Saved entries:
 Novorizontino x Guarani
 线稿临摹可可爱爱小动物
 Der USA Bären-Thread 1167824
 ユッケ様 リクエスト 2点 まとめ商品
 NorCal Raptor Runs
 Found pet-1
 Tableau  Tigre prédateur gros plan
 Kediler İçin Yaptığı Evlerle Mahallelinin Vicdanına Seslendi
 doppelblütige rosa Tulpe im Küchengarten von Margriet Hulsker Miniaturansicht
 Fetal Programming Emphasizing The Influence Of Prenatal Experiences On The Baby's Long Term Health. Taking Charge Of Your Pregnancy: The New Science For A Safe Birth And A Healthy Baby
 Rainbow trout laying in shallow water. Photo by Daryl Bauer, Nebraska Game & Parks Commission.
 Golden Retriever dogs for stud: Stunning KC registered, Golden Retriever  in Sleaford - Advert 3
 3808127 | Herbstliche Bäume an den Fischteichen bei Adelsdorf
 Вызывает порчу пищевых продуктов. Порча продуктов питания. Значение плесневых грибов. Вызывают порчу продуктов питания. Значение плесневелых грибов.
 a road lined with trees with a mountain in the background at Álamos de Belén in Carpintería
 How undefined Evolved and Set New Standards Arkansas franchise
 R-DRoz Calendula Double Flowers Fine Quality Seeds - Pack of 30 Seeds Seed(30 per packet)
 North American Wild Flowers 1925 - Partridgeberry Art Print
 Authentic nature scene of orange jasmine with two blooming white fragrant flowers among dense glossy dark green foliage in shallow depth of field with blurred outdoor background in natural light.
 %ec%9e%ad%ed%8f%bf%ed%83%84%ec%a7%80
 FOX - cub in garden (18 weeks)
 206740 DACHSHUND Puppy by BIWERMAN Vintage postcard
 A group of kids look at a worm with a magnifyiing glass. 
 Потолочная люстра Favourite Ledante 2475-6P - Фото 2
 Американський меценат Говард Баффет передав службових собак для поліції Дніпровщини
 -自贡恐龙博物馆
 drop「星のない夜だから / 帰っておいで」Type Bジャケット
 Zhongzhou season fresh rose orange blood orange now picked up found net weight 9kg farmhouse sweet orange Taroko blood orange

*GOAL OF THE EXERCISE*.
After locating the line with "North American Wild", please repeat it and every line after it exactly, through the end of the data above.

*RESULT OF THIS TASK*.
 North American Wild Flowers 1925 - Partridgeberry Art Print
 Authentic nature scene of orange jasmine with two blooming white fragrant flowers among dense glossy dark green foliage in shallow depth of field with blurred outdoor background in natural light.
 %ec%9e%ad%ed%8f%bf%ed%83%84%ec%a7%80
 FOX - cub in garden (18 weeks)
 206740 DACHSHUND Puppy by BIWERMAN Vintage postcard
 A group of kids look at a worm with a magnifyiing glass. 
 Потолочная люстра Favourite Ledante 2475-6P - Фото 2
 Американський меценат Говард Баффет передав службових собак для поліції Дніпровщини
 -自贡恐龙博物馆
 drop「星のない夜だから / 帰っておいで」Type Bジャケット
 Zhongzhou season fresh rose orange blood orange now picked up found net weight 9kg farmhouse sweet orange Taroko blood orange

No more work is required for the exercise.